Start of Supplied material
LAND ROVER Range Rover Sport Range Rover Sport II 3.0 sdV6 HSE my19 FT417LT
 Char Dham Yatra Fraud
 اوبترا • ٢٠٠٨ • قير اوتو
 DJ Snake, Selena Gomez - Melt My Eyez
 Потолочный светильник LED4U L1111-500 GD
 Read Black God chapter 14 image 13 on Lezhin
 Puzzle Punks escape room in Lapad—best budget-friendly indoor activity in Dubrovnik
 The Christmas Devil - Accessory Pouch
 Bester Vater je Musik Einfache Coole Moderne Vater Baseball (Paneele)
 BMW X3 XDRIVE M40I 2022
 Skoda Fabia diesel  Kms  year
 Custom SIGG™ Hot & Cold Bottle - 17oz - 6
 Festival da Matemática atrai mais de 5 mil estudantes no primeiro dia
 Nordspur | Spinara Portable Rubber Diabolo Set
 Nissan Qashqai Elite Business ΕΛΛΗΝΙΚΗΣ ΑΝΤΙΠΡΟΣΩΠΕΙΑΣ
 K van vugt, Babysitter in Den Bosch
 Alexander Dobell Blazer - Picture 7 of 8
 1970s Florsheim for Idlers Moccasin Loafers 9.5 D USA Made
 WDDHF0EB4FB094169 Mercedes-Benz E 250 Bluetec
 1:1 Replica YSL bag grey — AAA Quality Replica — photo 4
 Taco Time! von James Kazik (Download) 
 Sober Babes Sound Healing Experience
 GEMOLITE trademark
End of Supplied material
*Task requirements*: Please reproduce all of the records exactly as they stand.

*Result of the exercise*:
LAND ROVER Range Rover Sport Range Rover Sport II 3.0 sdV6 HSE my19 FT417LT
 Char Dham Yatra Fraud
 اوبترا • ٢٠٠٨ • قير اوتو
 DJ Snake, Selena Gomez - Melt My Eyez
 Потолочный светильник LED4U L1111-500 GD
 Read Black God chapter 14 image 13 on Lezhin
 Puzzle Punks escape room in Lapad—best budget-friendly indoor activity in Dubrovnik
 The Christmas Devil - Accessory Pouch
 Bester Vater je Musik Einfache Coole Moderne Vater Baseball (Paneele)
 BMW X3 XDRIVE M40I 2022
 Skoda Fabia diesel  Kms  year
 Custom SIGG™ Hot & Cold Bottle - 17oz - 6
 Festival da Matemática atrai mais de 5 mil estudantes no primeiro dia
 Nordspur | Spinara Portable Rubber Diabolo Set
 Nissan Qashqai Elite Business ΕΛΛΗΝΙΚΗΣ ΑΝΤΙΠΡΟΣΩΠΕΙΑΣ
 K van vugt, Babysitter in Den Bosch
 Alexander Dobell Blazer - Picture 7 of 8
 1970s Florsheim for Idlers Moccasin Loafers 9.5 D USA Made
 WDDHF0EB4FB094169 Mercedes-Benz E 250 Bluetec
 1:1 Replica YSL bag grey — AAA Quality Replica — photo 4
 Taco Time! von James Kazik (Download) 
 Sober Babes Sound Healing Experience
 GEMOLITE trademark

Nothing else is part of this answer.